Feminism did not begin as an orthodoxy to be followed. It began with women getting together to ask what the hell was going on — in their sex lives, at work, in their marriages and dating, in their dreams and private moments, with their children and families. They did not change the world by creating a code of conduct and following it. They changed the world by helping each other see themselves as they really were, and then saying, If this is the way we really are, then the world must change to accommodate us!



So I would say that your enemy is not yourself and your inclinations. Your enemy is orthodoxy. Your task is to face who you really are.

In the early years of feminism, women discovered, by talking honestly with each other, that they were deeply unhappy in their roles. They asked why, in this rich world, they should be so unhappy. They asked why they had certain self-images and beliefs about themselves. They asked why they were limiting themselves. They admitted the things that scared them and humiliated them and made them angry and baffled.

In figuring out why they were unhappy they found that in some cases the world really was against them. Massive forces were deliberately arrayed against their aspirations. In other cases they themselves had taken on beliefs that limited them. Most important, they asked, What the hell is going on and how can we change it?

Consciousness-raising begets revolution, which begets orthodoxy. Now some 40 years after the tumultuous and exciting 1970s, certain received notions have been canonized. The orthodoxy says you are supposed to be a confident, self-assured woman who enjoys sex with men who respect you and treat you with dignity. But this orthodoxy does not spring organically from the complex and contradictory mix of feelings and desires that is who you really are.

That is why I think that consciousness-raising is not a means to an end but an end in itself: Because our consciousness will be always changing, we must always be inquiring of ourselves, Who are we and what do we need?

Orthodoxies calcify. They must periodically be overturned. You must always be overturning orthodoxies, always be questioning when things don’t feel right, what is going on, why you feel uneasy around certain people, why life feels like slavery, why you feel you are being lied to, why you sense that you are being manipulated or that power is being used against you in a way that you can only dimly perceive. Always be questioning these things, because they are real. The world is manipulating you all the time; it is always deploying force against you. You know this to be true, at least in some dim way. The task of consciousness raising is to bring these dim fragments of consciousness to light and by sharing them with others build them into a pattern that finally makes sense: Aha! We’re being oppressed and manipulated so we can be sold to!

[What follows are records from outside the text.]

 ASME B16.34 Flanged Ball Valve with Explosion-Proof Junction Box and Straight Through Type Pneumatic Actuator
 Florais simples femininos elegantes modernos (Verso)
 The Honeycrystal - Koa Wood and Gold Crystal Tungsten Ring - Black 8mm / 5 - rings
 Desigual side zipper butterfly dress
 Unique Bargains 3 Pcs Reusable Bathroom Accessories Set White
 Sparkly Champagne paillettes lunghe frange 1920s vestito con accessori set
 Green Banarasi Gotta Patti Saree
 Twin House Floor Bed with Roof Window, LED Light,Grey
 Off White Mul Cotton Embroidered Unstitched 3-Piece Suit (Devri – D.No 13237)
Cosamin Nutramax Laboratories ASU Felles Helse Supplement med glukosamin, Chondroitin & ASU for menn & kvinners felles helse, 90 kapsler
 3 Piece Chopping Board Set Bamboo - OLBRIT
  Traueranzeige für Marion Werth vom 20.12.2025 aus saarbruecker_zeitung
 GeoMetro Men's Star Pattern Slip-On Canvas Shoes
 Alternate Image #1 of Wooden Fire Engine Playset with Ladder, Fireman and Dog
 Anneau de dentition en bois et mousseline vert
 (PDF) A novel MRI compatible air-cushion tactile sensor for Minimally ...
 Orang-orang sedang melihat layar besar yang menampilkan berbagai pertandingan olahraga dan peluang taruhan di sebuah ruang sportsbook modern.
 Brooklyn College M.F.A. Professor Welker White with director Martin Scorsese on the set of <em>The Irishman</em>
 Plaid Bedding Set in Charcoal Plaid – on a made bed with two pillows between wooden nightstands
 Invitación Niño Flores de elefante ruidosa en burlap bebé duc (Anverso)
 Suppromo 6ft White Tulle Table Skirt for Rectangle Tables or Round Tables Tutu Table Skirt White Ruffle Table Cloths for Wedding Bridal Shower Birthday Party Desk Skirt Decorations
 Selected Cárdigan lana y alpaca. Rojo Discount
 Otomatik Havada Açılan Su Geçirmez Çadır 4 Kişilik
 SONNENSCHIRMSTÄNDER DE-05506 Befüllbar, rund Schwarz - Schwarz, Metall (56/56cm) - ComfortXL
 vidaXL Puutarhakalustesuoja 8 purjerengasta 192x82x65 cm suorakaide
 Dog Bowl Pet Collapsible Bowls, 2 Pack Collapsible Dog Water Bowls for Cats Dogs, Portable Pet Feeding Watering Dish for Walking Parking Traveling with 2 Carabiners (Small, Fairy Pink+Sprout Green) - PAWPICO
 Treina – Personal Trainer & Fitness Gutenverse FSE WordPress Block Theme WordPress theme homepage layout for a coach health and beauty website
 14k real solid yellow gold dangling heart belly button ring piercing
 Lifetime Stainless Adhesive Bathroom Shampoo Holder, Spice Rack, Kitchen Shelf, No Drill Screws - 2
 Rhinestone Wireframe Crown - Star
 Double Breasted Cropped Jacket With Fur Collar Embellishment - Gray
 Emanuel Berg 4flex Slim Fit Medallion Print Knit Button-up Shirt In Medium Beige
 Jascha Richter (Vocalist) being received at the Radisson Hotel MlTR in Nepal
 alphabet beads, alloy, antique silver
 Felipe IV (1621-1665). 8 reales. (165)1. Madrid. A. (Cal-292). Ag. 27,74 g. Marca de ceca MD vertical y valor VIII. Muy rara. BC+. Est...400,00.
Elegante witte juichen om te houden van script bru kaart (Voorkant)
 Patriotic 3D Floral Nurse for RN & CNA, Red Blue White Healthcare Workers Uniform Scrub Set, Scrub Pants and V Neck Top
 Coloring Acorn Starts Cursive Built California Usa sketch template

Once women were a source of free labor and were being exploited that way. Now women are exploited because women are a market.

Every act against orthodoxy is subversive. Every contradiction you admit empowers you to be more fully who you are, without apology or explanation; every time you honor the mystery of who you are, you weaken authoritarian rule and create more space for the individual in all her contradiction and whimsy and intrigue.

All orthodoxy is enslaving. Liberal orthodoxy, communist orthodoxy, feminist orthodoxy, Freudian orthodoxy, right-wing orthodoxy, Cary Tennis orthodoxy, self-discovery orthodoxy, therapeutic orthodoxy, the orthodoxy of I care so much about you, the orthodoxy of Jungian archetypes.

Self-discovery is perpetual revolution.

Your enemy is not yourself and your inclinations. Your enemy is orthodoxy.